Below, locate the line that contains "Hello everyone. In". Repeat exactly from that line to the line that contains "Same thing you", inclusive, leaving out the pictures.

*** Opening of AVAILABLE RECORDS ***

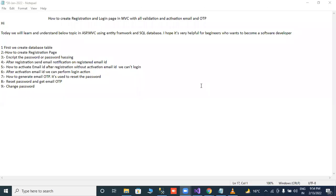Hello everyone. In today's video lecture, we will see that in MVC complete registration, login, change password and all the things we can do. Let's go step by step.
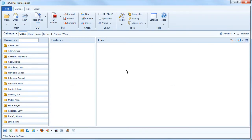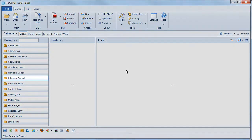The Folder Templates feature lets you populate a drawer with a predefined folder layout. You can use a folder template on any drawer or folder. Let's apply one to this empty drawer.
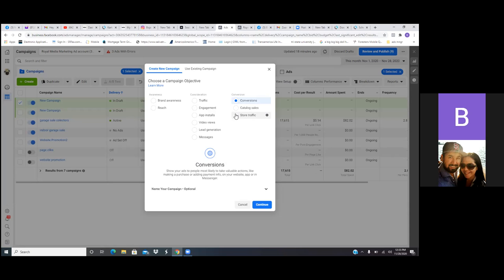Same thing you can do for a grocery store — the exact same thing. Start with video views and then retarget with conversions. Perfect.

*** Close of AVAILABLE RECORDS ***
*** Opening of AVAILABLE RECORDS ***

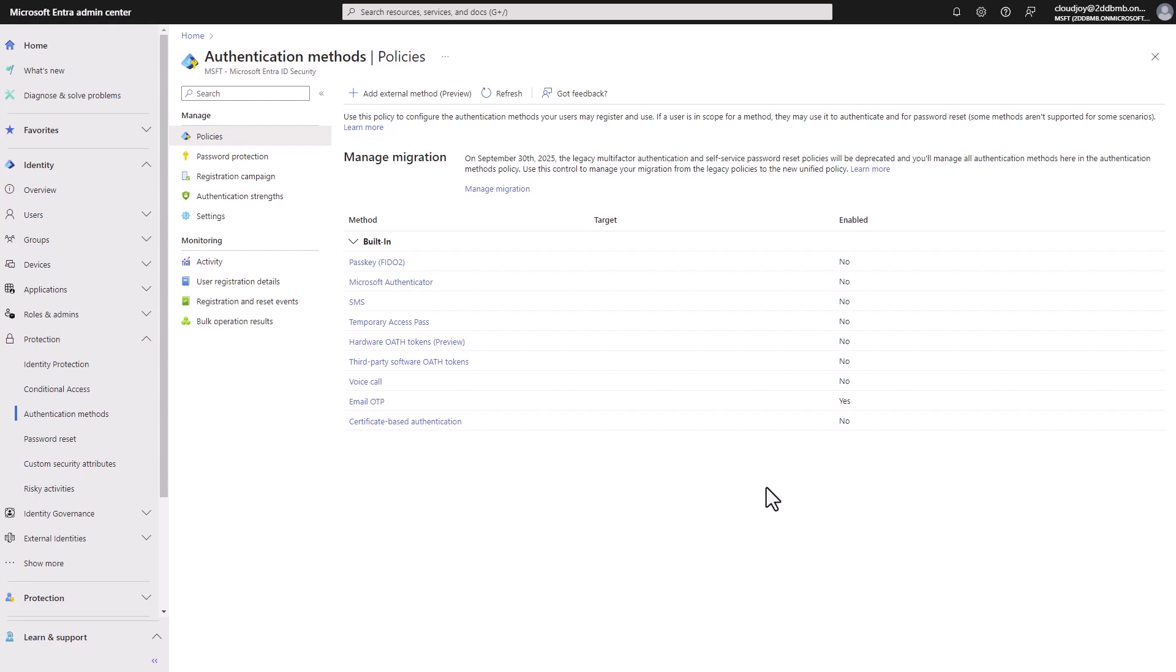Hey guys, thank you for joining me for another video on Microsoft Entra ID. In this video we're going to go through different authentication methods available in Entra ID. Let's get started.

*** Close of AVAILABLE RECORDS ***
*** Opening of AVAILABLE RECORDS ***

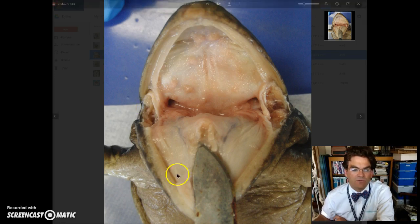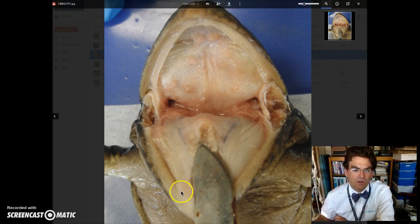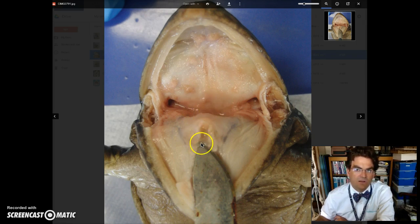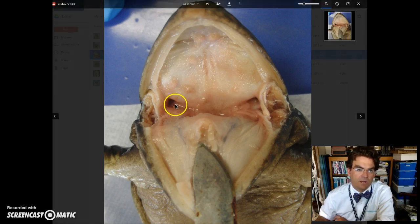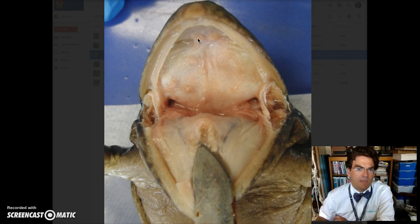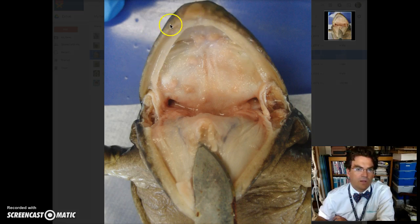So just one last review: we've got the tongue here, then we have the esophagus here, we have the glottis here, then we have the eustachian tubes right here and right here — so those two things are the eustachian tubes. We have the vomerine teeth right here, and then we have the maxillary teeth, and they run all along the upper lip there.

*** Close of AVAILABLE RECORDS ***

■ **RESPONSE BOX**
Hello everyone. In today's video lecture, we will see that in MVC complete registration, login, change password and all the things we can do. Let's go step by step.
The Folder Templates feature lets you populate a drawer with a predefined folder layout. You can use a folder template on any drawer or folder. Let's apply one to this empty drawer.
Same thing you can do for a grocery store — the exact same thing. Start with video views and then retarget with conversions. Perfect.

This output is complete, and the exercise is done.